- Original Finnish film poster
- Directed by: Matti Kassila
- Written by: Matti Kassila Kari Kyrönseppä
- Produced by: Maunu Kurkvaara
- Starring: Maija Karhi Pentti Siimes Helge Herala Toivo Mäkelä
- Cinematography: Raimo Hartzell
- Edited by: Allan Wallenius
- Music by: Esko Linnavalli
- Release date: 2 February 1968;
- Running time: 99 minutes
- Country: Finland
- Language: Finnish

= Let Not One Devil Cross the Bridge =

Let Not One Devil Cross the Bridge (Äl’ yli päästä perhanaa) is a 1968 Finnish anthology comedy film directed by Matti Kassila. The film is an ensemble divided into three independent stories, based on the ideas of the actual frame story, where the people who took part in the film design meeting during the get-together held at evening. The film stars Maija Karhi, Pentti Siimes, Helge Herala and Toivo Mäkelä.

Director Kassila returned to film directing after a five-year hiatus. The film was completed at a time when Finnish television had begun to take audiences away from cinemas, which is why Kassila wanted to use this film to comment on the crisis in the Finnish film industry.
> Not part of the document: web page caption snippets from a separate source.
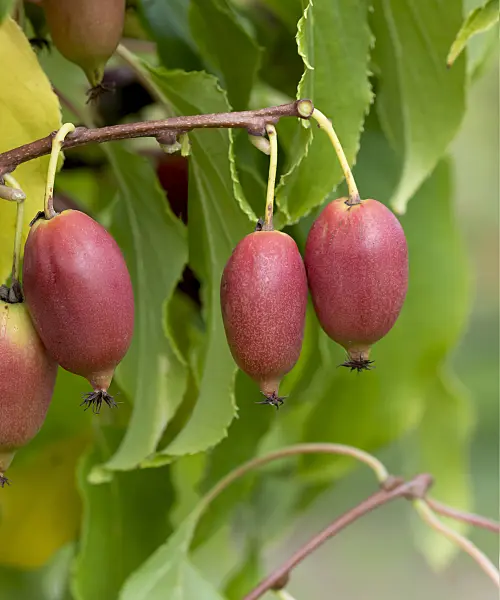651032 - Hardy kiwi (Actinidia arguta 'Red Jumbo')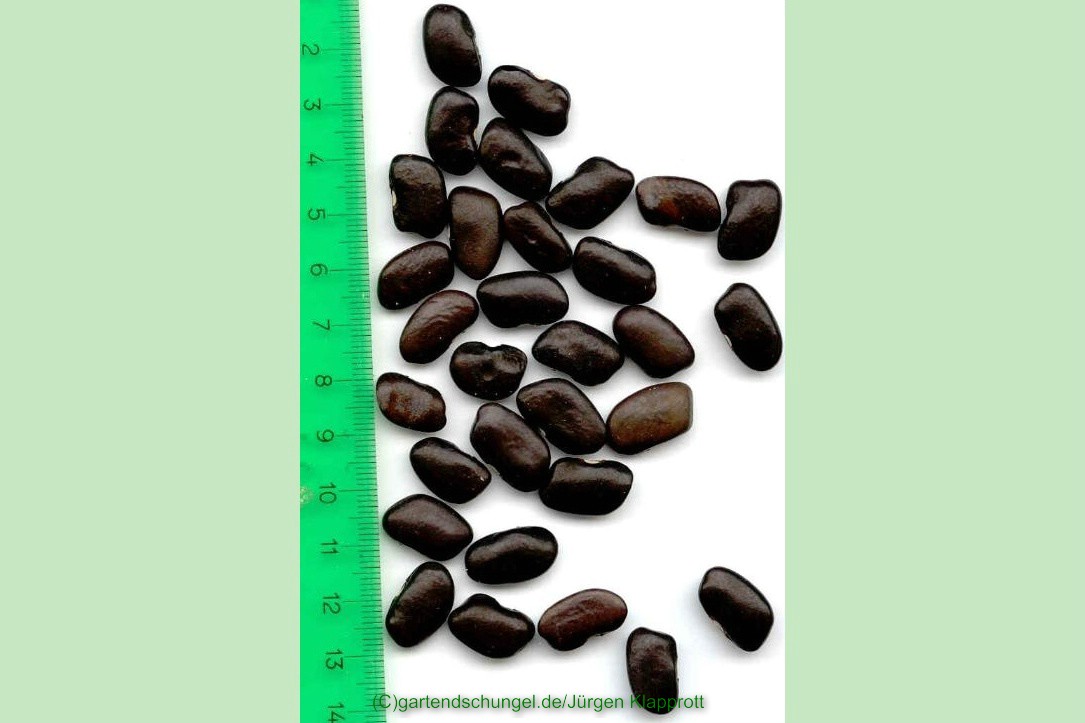 # Iran Flatbean schwarz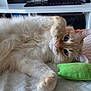 Ori participe au concours pour gagner de l'argent avec cette photo : cat, fluffy, playful, pet, indoor, plush_toy, green_toy, white_surface, closeup, feline, cute, relaxed, paw, lying_down, home, keyboard, desk, board_game, orange_eyes, soft_fur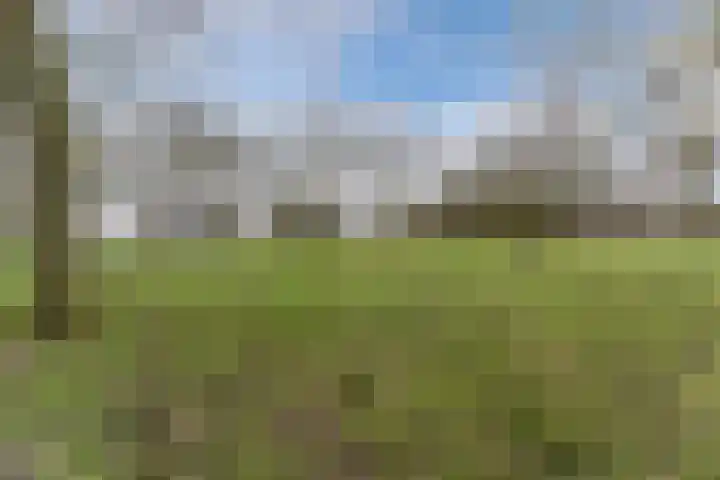 Linze 24 A Geldrop thumbnail 62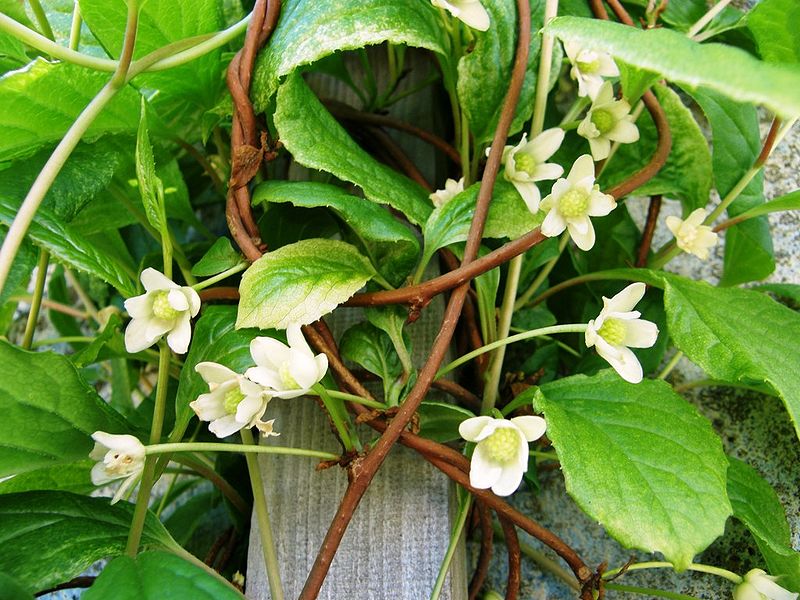 Schizandra - eine lianenartige Heilpflanze, der besondere Kräfte nachgesagt werden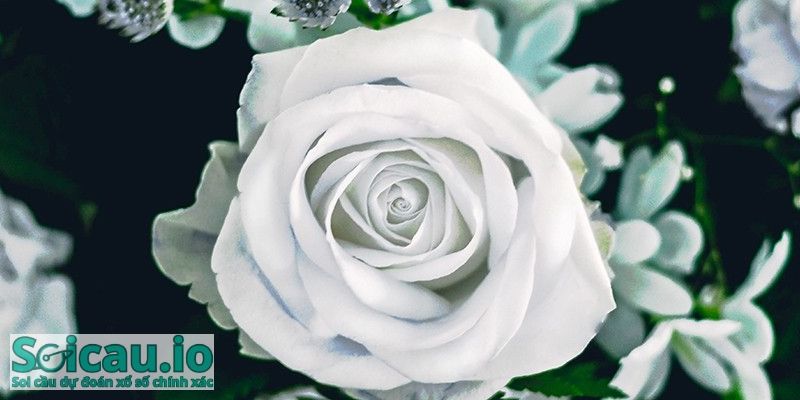 Nếu mơ thấy hoa màu trắng thì bạn sẽ có tin vui về công việc trong thời gian sắp tới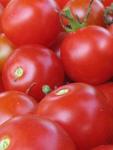 Tomato Red Cherry Large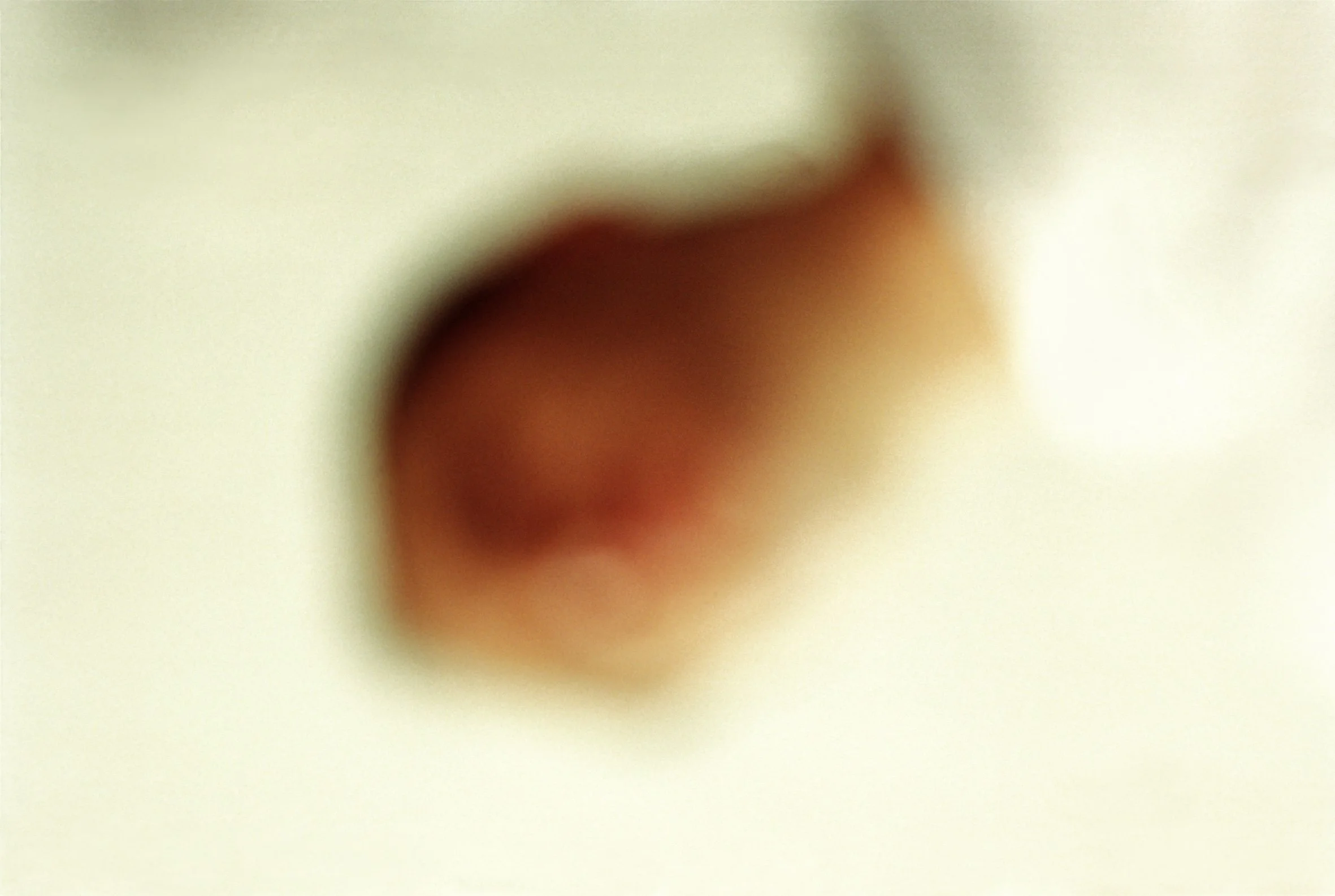 Vision of the father, 2001 Archival pigment print on cotton paper 13 x 21.7 in. on 19.7 x 27.6 in. paper (33 x 55 cm. on 50 x 70 cm.)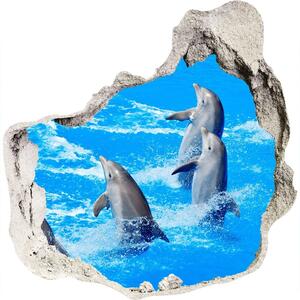 3d-s lyukat fali matrica Delfinek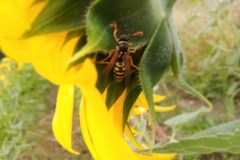 2025-Gaudi-Trioaktiv-70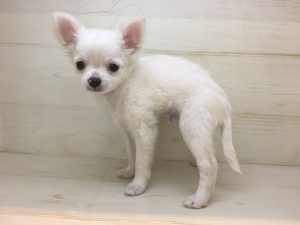 30　イングリッシュ・セッターalt=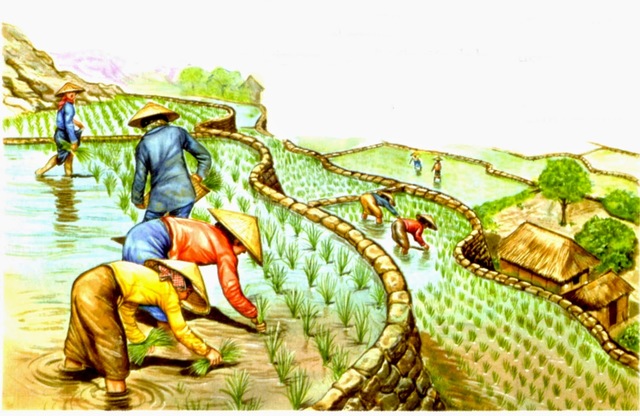 Organização da atividade agricola chinesa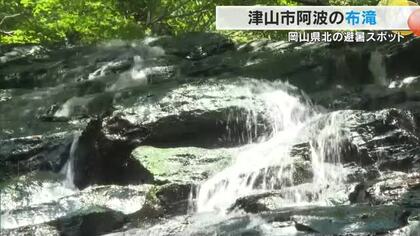 落差約５０メートル…津山市の布滝に涼を求め多くの人　猛暑続く夏に水と緑が織りなす夏の癒やし【岡山】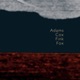 Adams Cox Fink Fox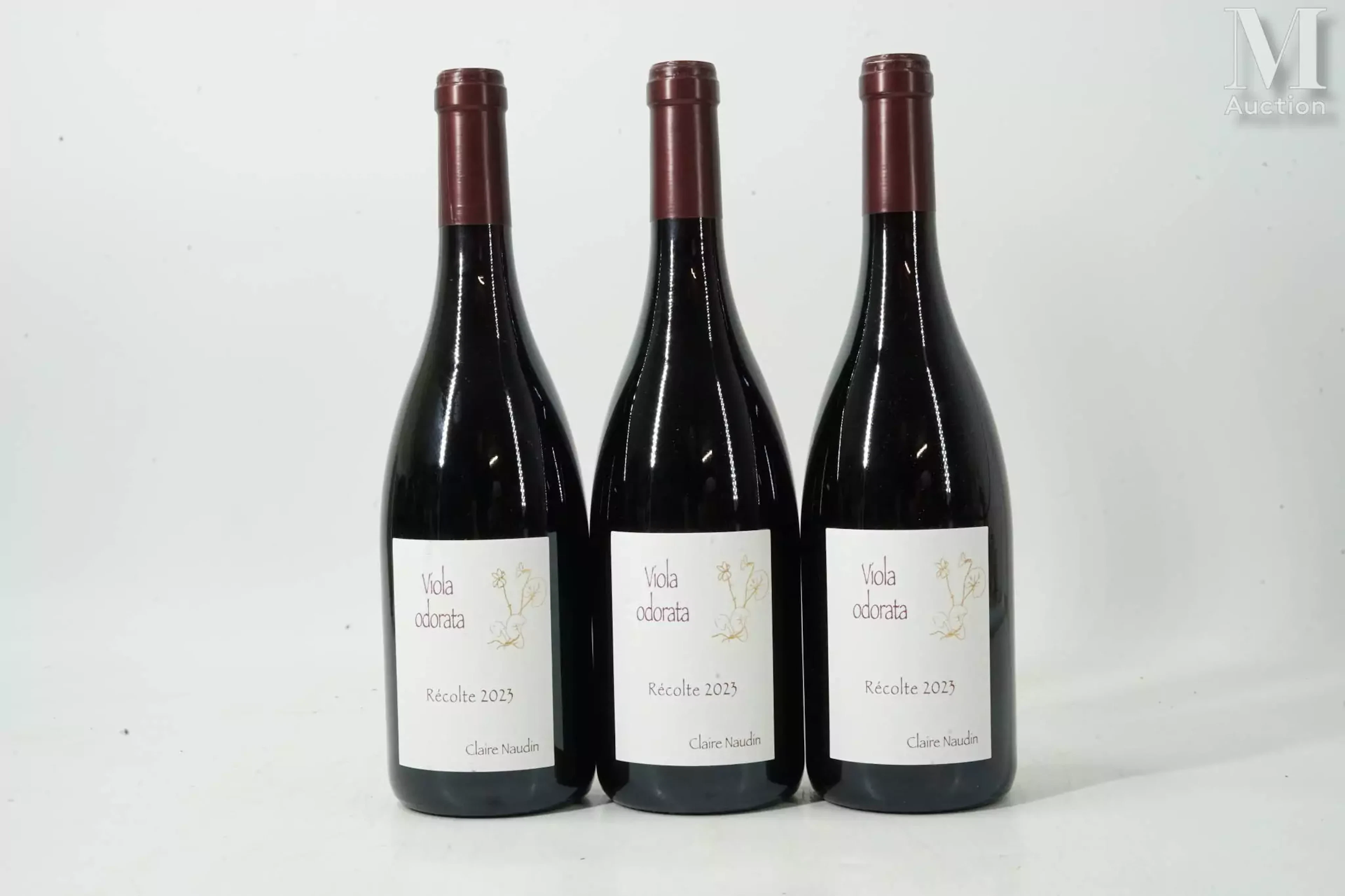 CÔTE-DE-NUITS-VILLAGES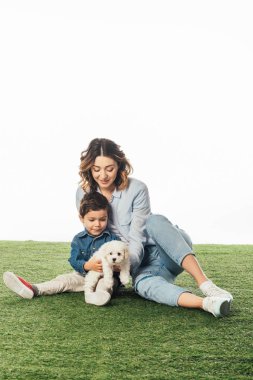smiling mother and son looking at Havanese puppy isolated on white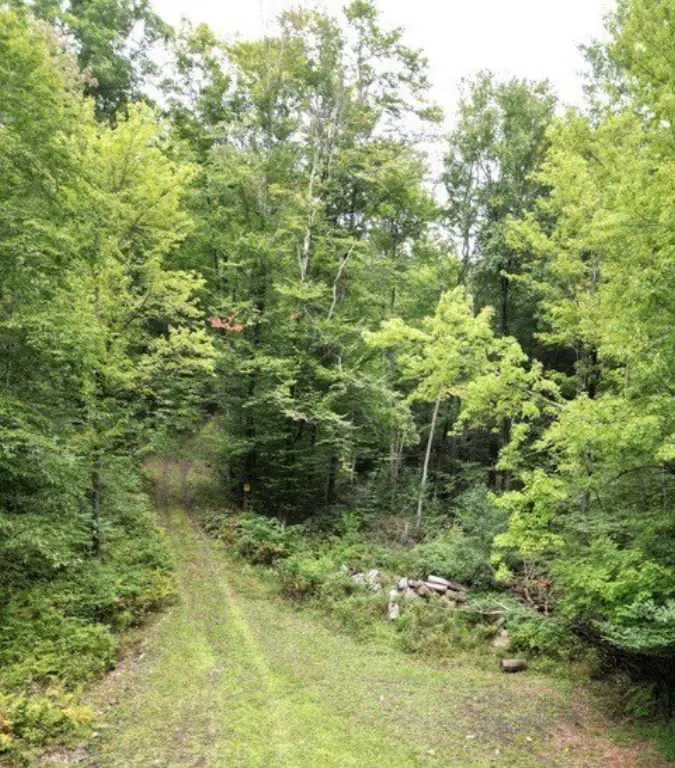 Picture 31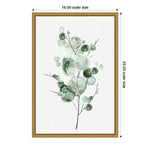 Amanti Art Tender Sprout I (Eucalyptus) by Eva Watts Framed Canvas Wall Art Print, 16" x 23" (A42675040760)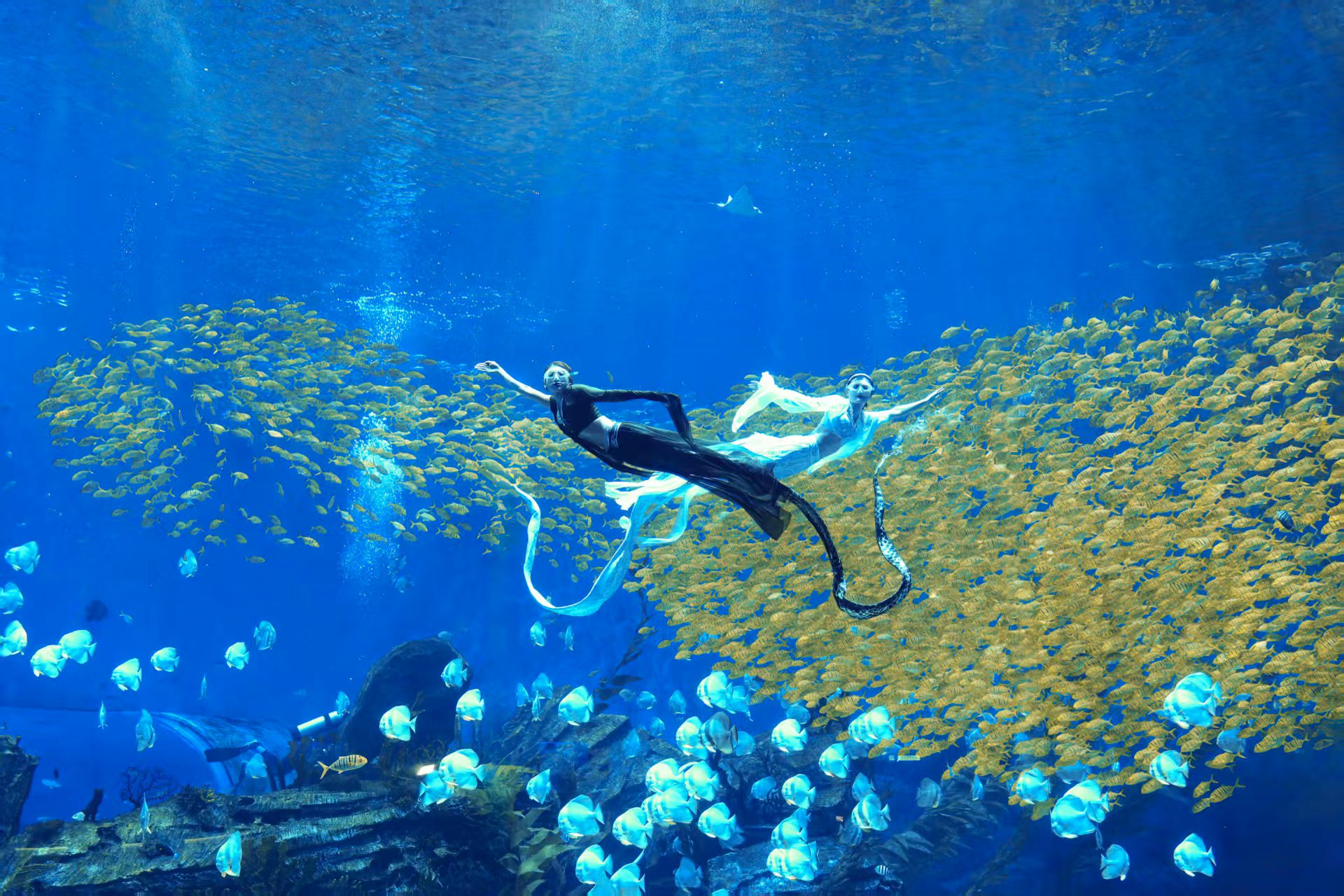 冰球突破-冰球电游豪华版_MG冰球游戏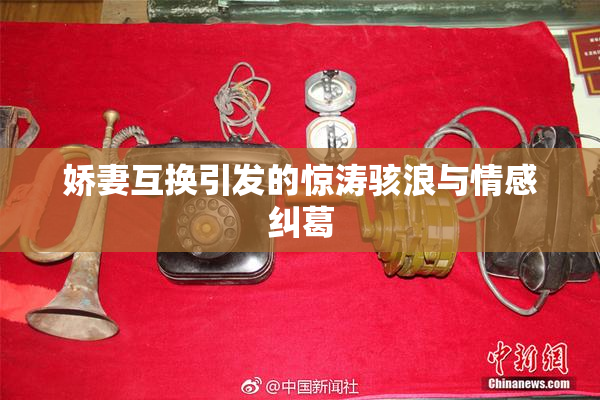 娇妻互换引发的惊涛骇浪与情感纠葛
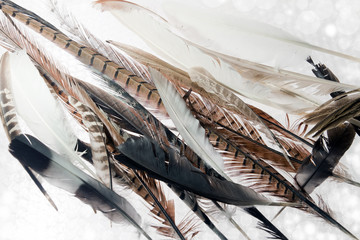 feathers over white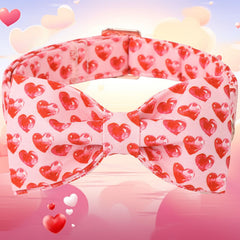 Collar DOGWONG con hebilla rápida, fácil de quitar y ajustar.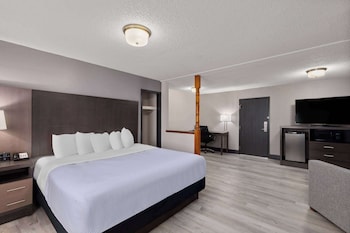 Deluxe Room, 1 King Bed, Non Smoking (Deluxe Executive Room)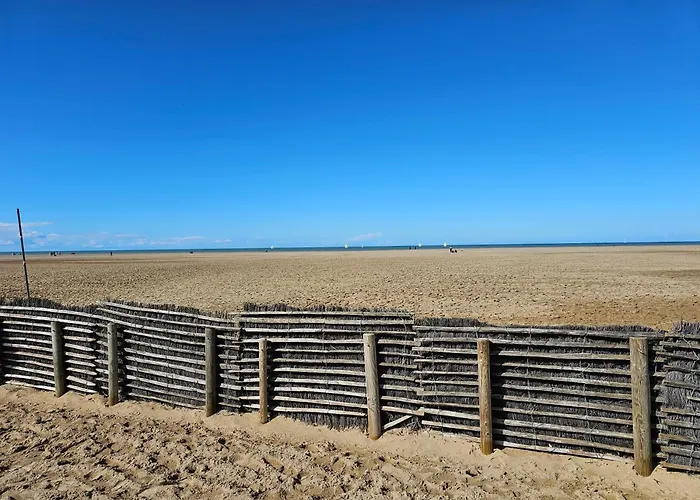 Lejlighed Ocea Marina Vue Refait A Neuf Avec Parking Privatif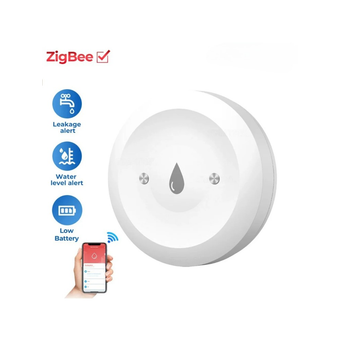 Alarm Systems & Security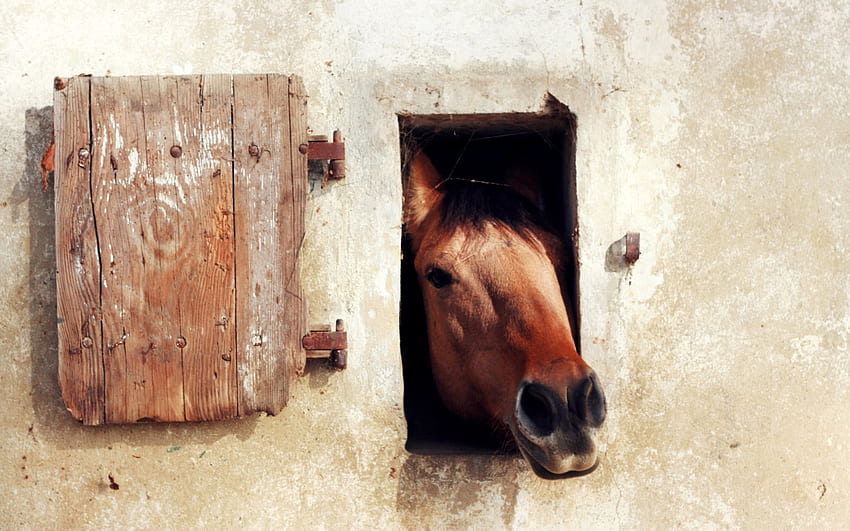 こんにちは!!、カバロ、馬、動物、カバロ 高画質の壁紙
The film's audience success was the weakest in 1968, even though it was effectively marketed, and it made big losses, making it the box-office bomb. In the television show Kinoklubi, where directors Matti Kassila and Markku Pölönen and producer Markus Selin listed their own failed films and the reasons for the failure, Kassila considered Let Not One Devil Cross the Bridge to be one of his worst films ever made.